FIELD OF THE INVENTION

The invention relates to centrifugal pumps, and more particularly, to centrifugal pump impellors that include balancing holes to reduce axial thrust.

BACKGROUND OF THE INVENTION

Centrifugal pumps are the most widely used pumps in the world. While there are many variations and configurations, with reference to FIG. 1 all such pumps 100 include an impellor 106 mounted on a shaft 108 that rotates the impellor 106 continuously within a housing 116. The impellor 106 includes a plurality of “blades” or “vanes” 110 extending outward from a hub and a central “eye” of the impellor. Process fluid 102 entering through an inlet 118 to the eye is caused to rotate by the impellor blades 110, and is driven by centrifugal force toward the perimeter of the impellor 106, which is in fluid communication with an outlet 104 through which the process fluid exits the pump 100.

FIG. 1 illustrates a single-stage centrifugal pump. However the discussion herein and the disclosure of the invention infra will be understood by one of skill in the art to also apply to stages of a multi-stage pump, unless the context requires otherwise.

Impellors 106 vary in the number and shape of the blades 110. For some impellors 106 the blades 110 are free-standing. However, for larger pumps it is often desirable to include a rear shroud 112, and possibly also a front shroud 114, which support the blades 110 and also reduce leakage around the blades. An impellor 106 having free-standing blades is called an “open” impellor. An impellor 106 having only a rear shroud 112 is called “semi-open” or “semi-closed” impellor 106, while an impellor having both rear 112 and front 114 shrouds is referred to as a “closed” impellor. FIG. 1 is a cut-away perspective view of a centrifugal pump 100 having a closed impellor 106.

FIG. 2 is a front perspective view of a closed impellor 106. The leading edges 202 of the blades 110 can be seen through the eye near the hub 200 of the impellor 106. The trailing edges 204 of the blades 110 are visible between the shrouds 112, 114 near the outer edge of the impellor 106.

FIG. 3A is a cross-sectional view of the impellor 106 of FIG. 2, enclosed within a single-stage pump housing 116. Wear rings 300, 302 inhibit process fluid from leaking into or out of a chamber 304 located behind the rear shroud 112. However, some process fluid leaks past the wear rings 300, 302 and fills a cavity 304 located behind the rear shroud 112. The fluid filling the cavity 304 is therefore sometimes referred to as “leakage” fluid. Frictional drag causes the leakage fluid in contact with the back of the rear shroud 112 to rotate approximately at the speed of the impellor 106, while the leakage fluid that is in contact with the housing 116 on the other side of the cavity 304 is almost static. Shear forces cause the leakage fluid in the center of the cavity 304 to rotate at a speed that is less than the impellor speed, so that the average rotational speed of the leakage fluid in the cavity 304 is comparable to one half of the impellor speed.

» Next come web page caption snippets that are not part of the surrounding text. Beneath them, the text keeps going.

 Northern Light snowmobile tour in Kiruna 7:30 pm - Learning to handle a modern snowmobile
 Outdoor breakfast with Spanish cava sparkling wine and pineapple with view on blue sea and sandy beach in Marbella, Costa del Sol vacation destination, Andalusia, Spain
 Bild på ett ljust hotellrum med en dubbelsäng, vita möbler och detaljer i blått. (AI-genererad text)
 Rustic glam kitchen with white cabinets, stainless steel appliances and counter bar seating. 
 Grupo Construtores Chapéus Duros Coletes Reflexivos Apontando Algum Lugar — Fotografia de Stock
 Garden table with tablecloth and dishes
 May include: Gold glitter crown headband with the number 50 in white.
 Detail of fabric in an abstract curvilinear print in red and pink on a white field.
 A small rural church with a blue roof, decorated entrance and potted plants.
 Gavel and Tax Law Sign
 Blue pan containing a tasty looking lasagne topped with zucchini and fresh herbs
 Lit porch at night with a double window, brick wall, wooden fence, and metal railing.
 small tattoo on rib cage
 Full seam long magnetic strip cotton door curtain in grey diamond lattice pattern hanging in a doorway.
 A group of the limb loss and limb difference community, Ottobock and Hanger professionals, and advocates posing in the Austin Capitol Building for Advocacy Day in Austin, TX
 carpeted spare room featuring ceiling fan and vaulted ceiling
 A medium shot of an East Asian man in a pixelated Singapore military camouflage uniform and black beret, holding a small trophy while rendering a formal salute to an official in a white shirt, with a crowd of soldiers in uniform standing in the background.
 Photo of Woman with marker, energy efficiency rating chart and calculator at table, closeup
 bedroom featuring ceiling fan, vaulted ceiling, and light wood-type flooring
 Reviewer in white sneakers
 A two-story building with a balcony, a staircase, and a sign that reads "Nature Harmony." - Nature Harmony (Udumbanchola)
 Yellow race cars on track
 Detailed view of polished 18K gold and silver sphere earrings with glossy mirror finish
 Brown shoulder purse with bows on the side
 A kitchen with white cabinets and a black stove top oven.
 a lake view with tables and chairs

In contrast, process fluid located near the front surface of the rear shroud 112 is rotated by the blades 110 at approximately the speed of the impellor 106. The “static” pressure of the fluid in front of the rear shroud 112 is the process fluid inlet pressure, while the static pressure of the leakage fluid is comparable to the higher outlet pressure. The actual pressures are reduced in each case, because according to well-known fluid dynamic principles the pressure of a fluid is reduced in proportion to its velocity. Hence, because the leakage fluid is rotating more slowly than the fluid in front of the rear shroud 112, the actual pressure of the fluid immediately in front of the rear shroud 112 in the region of the eye is considerably lower than the actual pressure of the leakage fluid filling the cavity 304 directly behind the rear shroud 112. The result of the difference in static pressures as well as the difference in fluid rotation rates is an axial thrust applied to the impellor 106, which is labeled “F” in FIG. 3. This thrusting force must be opposed and withstood by the bearings (not shown) that support the pump shaft 108.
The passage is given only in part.